Signed-off-by: Xiantao Zhang <xiantao.zhang@xxxxxxxxx>
---
 xen/arch/x86/hpet.c           |    1 
 xen/arch/x86/hvm/hvm.c        |    2 -
 xen/arch/x86/io_apic.c        |   42 ++++++++++++++++++++++++++++
 xen/arch/x86/irq.c            |   61 ++++++++++++++++++++++++++++++++++++++++++
 xen/arch/x86/msi.c            |    4 --
 xen/include/asm-x86/io_apic.h |    9 ++++++
 xen/include/asm-x86/irq.h     |    6 ++++
 xen/include/xen/irq.h         |    2 +
 8 files changed, 122 insertions(+), 5 deletions(-)
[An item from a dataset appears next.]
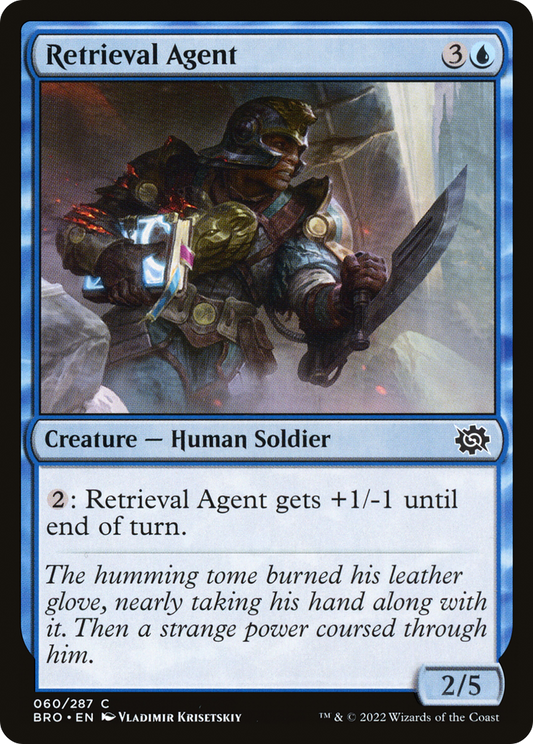 Retrieval Agent (BRO-060) (Foil)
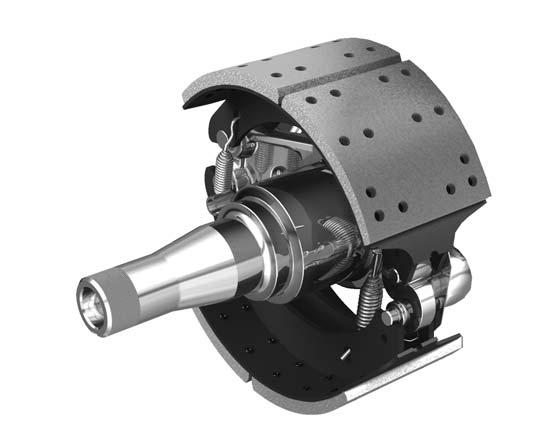 U N D E R S T A N D I N G Brake Efficiency In the North American market, rapidly advancing vehicle technology enables tractors and trailers to become increasingly aerodynamic and more fuel-efficient.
diff -r f0be14bb3f7a -r 42e9682e4b61 xen/arch/x86/hpet.c
--- a/xen/arch/x86/hpet.c       Mon Oct 26 13:26:43 2009 +0000
+++ b/xen/arch/x86/hpet.c       Mon Oct 26 13:33:38 2009 +0000
@@ -289,6 +289,7 @@ static void hpet_msi_ack(unsigned int ir
     struct irq_desc *desc = irq_to_desc(irq);
 
     irq_complete_move(&desc);
+    move_native_irq(irq);
     ack_APIC_irq();
 }
 
diff -r f0be14bb3f7a -r 42e9682e4b61 xen/arch/x86/hvm/hvm.c
--- a/xen/arch/x86/hvm/hvm.c    Mon Oct 26 13:26:43 2009 +0000
+++ b/xen/arch/x86/hvm/hvm.c    Mon Oct 26 13:33:38 2009 +0000
@@ -243,7 +243,7 @@ void hvm_migrate_pirqs(struct vcpu *v)
             continue;
         irq = desc - irq_desc;
         ASSERT(MSI_IRQ(irq));
-        desc->handler->set_affinity(irq, *cpumask_of(v->processor));
+        irq_set_affinity(irq, *cpumask_of(v->processor));
         spin_unlock_irq(&desc->lock);
     }
     spin_unlock(&d->event_lock);
diff -r f0be14bb3f7a -r 42e9682e4b61 xen/arch/x86/io_apic.c
--- a/xen/arch/x86/io_apic.c    Mon Oct 26 13:26:43 2009 +0000
+++ b/xen/arch/x86/io_apic.c    Mon Oct 26 13:33:38 2009 +0000
@@ -1379,6 +1379,7 @@ static void ack_edge_ioapic_irq(unsigned
     struct irq_desc *desc = irq_to_desc(irq);
     
     irq_complete_move(&desc);
+    move_native_irq(irq);
 
     if ((desc->status & (IRQ_PENDING | IRQ_DISABLED))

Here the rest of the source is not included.